- Saudi Arabia may swap residential plans for an industrial and AI focus
- The desert nation is investing heavily in GPUs for state-backed AI facilities
- Coastal access offers potential seawater cooling for desert data centers
Saudi Arabia’s Neom project, known as “The Line”, was originally described as a linear urban development stretching roughly 170km across the desert.
The concept envisioned a linear city with extreme density, automated mobility, and renewable energy that would accommodate 9 million residents within its narrow footprint.
However, reports now suggest officials are reconsidering this vision after internal reviews revealed delays, rising costs, and broader fiscal pressure – and sources cited by the Financial Times say the revised plan may abandon large-scale residential ambitions in favor of far smaller industrial use.
Focus on AI infrastructure and data centers
In this context, planners are reportedly considering the site as a hub for cloud hosting and large-scale data centers designed to support intensive compute workloads.
It will probably prioritize high-density server deployments for AI training and inference, rather than housing or urban services.
Some accounts suggest operators would favor bare metal infrastructure to maximize performance and utilization efficiency.
Saudi Arabia has recently accelerated investment in AI capacity, including the acquisition of thousands of advanced GPUs for state-backed facilities.
However, Saudi Arabia’s climate poses a well-documented challenge for data center operations, especially given sustained high temperatures and limited freshwater availability.
Independent research has identified the country as one where most existing data centers operate in zones considered inefficient for cooling.

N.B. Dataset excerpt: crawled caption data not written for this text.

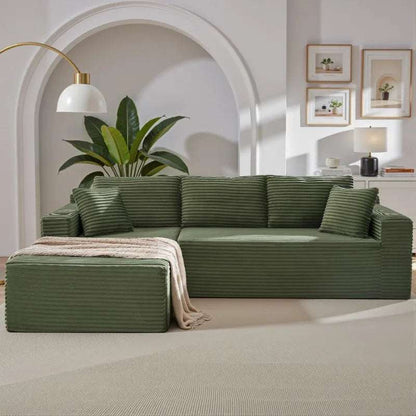 Corduroy L-Shaped Sectional in dark olive green ribbed upholstery, with a chaise lounge and deep seat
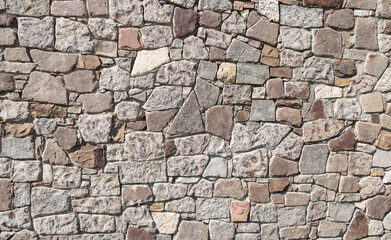 Multi-colored stone wall, artistic grey material background. Abstract detail seamless wall. Exterior ancient loft style texture concept. Abstract material background, rough and weathered surface.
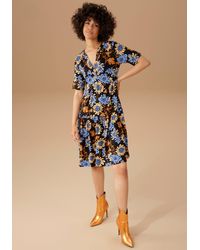Aniston CASUAL - Jerseykleid mit graphischem Blumendruck - Lyst
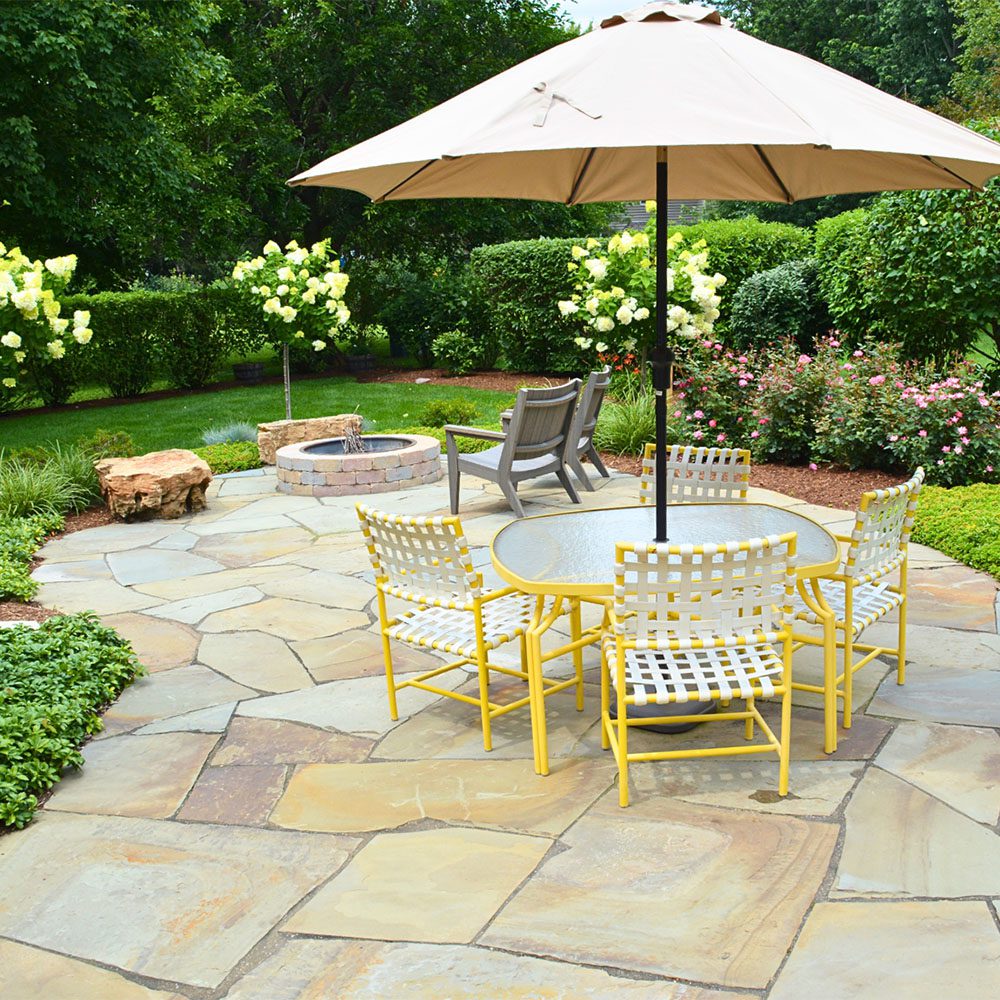 Landscape Redesign of Backyard with stone patio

But The Line’s coastal access to the Red Sea offers a practical advantage, with planners proposing seawater cooling as a mitigation strategy.
Similar projects, such as xAI’s Colossus in Memphis, have faced scrutiny after satellite checks suggested limits in available electricity or cooling capacity for AI systems.

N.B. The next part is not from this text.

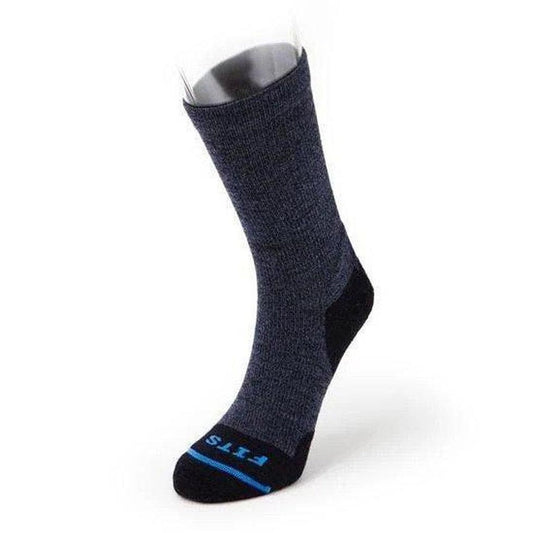 Side view of the FITS Light Hiker Crew sock in Brown with a black heel and toe against a white background.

Whether the downscaled data center will reach full capacity remains unclear, but Saudi Arabia chose to pause The Line in favor of a smaller plan.
The desert nation has faced tightening liquidity after years of expansive public spending, while lower oil revenues and competing commitments like the Expo trade fair and the 2034 World Cup added pressure.
Neom did not directly dispute claims of a reduced scope, instead emphasizing phased development and alignment with national priorities.
This approach suggests flexibility rather than a firm commitment to the original scale or timeline.
Observers note similar adjustments have already occurred across other Saudi megaprojects.
But without a clear reaffirmation of the original plan, speculation has grown that the linear city model may no longer sit at the center of Neom’s near-term strategy.